[[ DATA EXTRACTS, beginning ]]

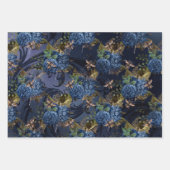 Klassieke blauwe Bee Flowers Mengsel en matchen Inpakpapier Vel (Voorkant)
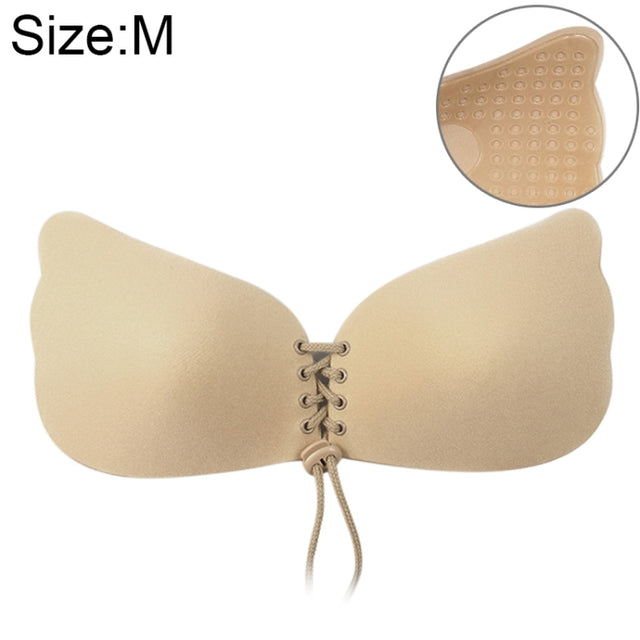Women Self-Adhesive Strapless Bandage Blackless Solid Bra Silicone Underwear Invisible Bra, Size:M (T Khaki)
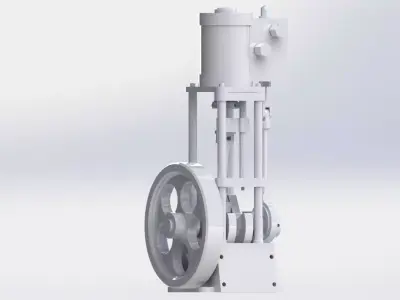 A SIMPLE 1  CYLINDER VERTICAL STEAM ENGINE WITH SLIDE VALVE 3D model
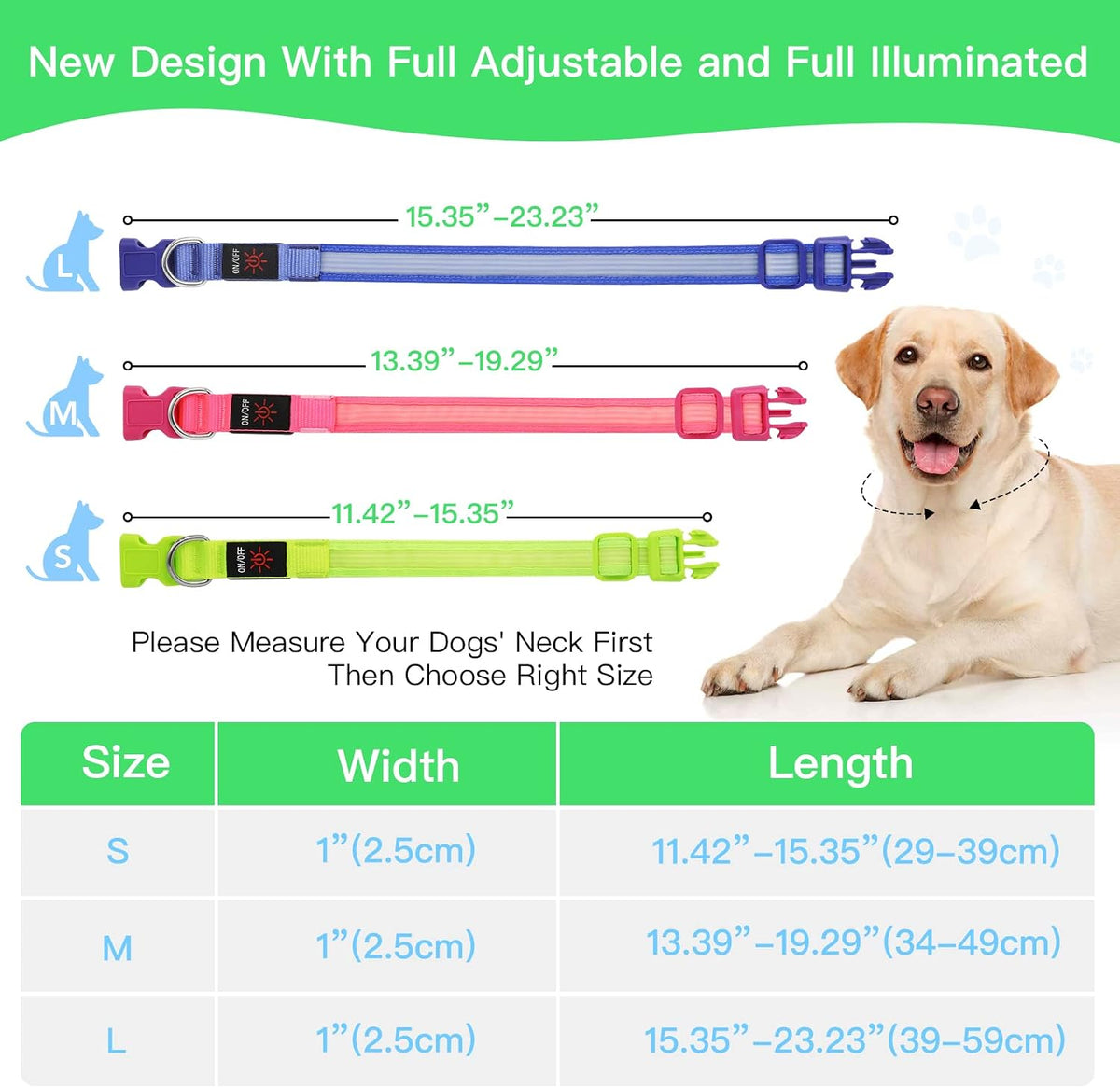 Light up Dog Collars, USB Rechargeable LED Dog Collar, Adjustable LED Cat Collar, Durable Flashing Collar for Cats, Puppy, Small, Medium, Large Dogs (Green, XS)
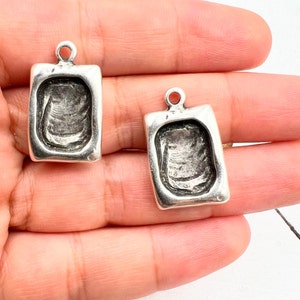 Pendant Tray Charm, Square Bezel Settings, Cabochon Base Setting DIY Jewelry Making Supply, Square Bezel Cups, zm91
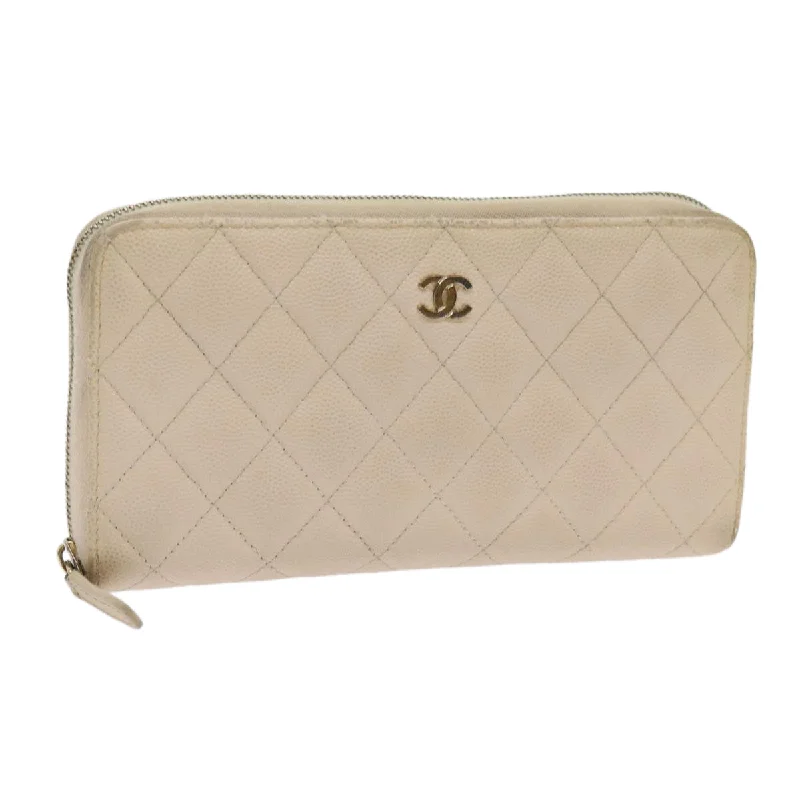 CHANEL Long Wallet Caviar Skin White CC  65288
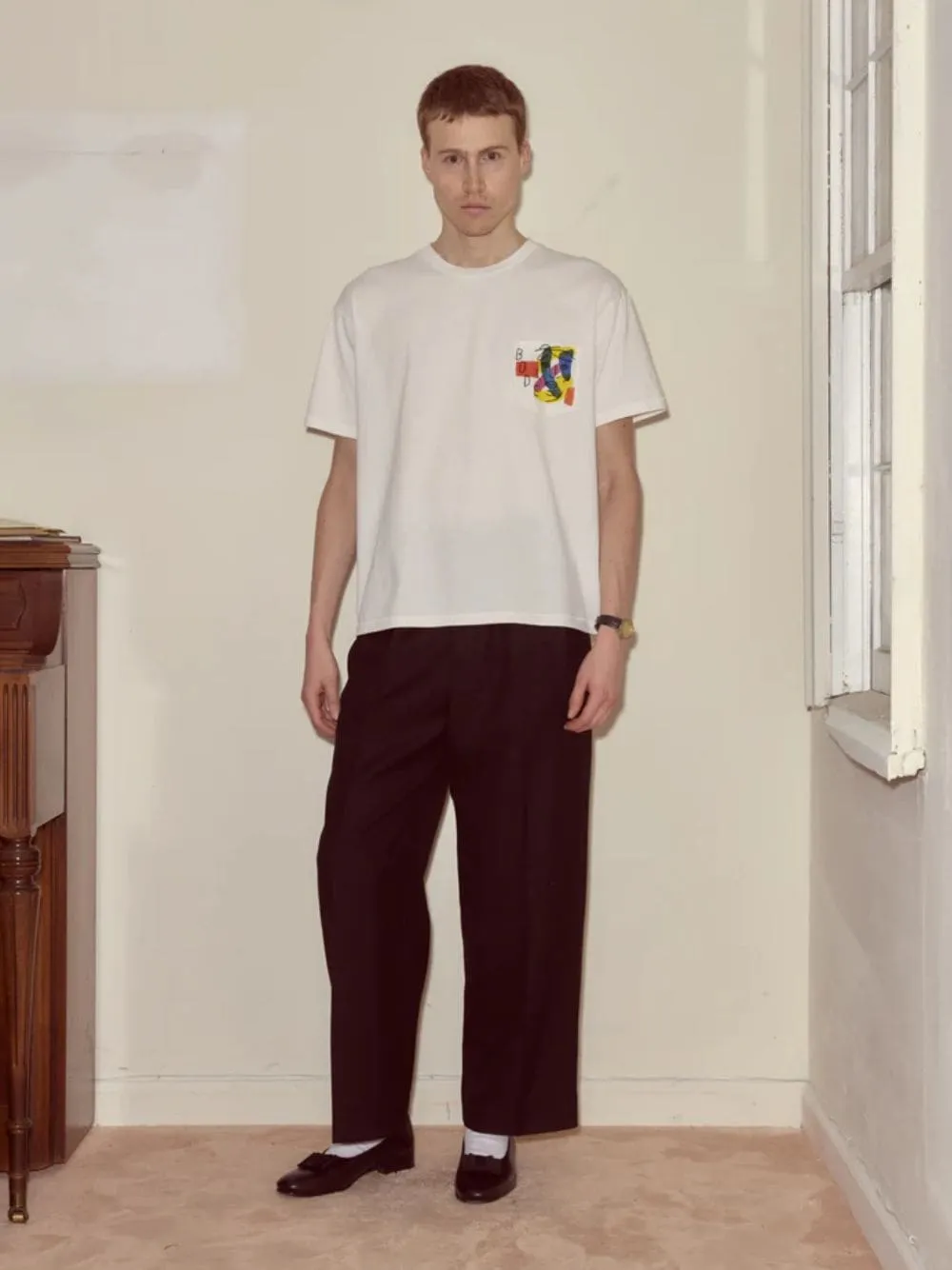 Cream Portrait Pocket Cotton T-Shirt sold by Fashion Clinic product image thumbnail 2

[[ DATA EXTRACTS, end ]]

AIM OF THE EXERCISE
Without the pictures, transcribe the lines from the one containing "VALVE 3D model" through the end of the data, exactly and only those.

RESPONSE
 A SIMPLE 1  CYLINDER VERTICAL STEAM ENGINE WITH SLIDE VALVE 3D model
 Light up Dog Collars, USB Rechargeable LED Dog Collar, Adjustable LED Cat Collar, Durable Flashing Collar for Cats, Puppy, Small, Medium, Large Dogs (Green, XS)
 Pendant Tray Charm, Square Bezel Settings, Cabochon Base Setting DIY Jewelry Making Supply, Square Bezel Cups, zm91
 CHANEL Long Wallet Caviar Skin White CC  65288
 Cream Portrait Pocket Cotton T-Shirt sold by Fashion Clinic product image thumbnail 2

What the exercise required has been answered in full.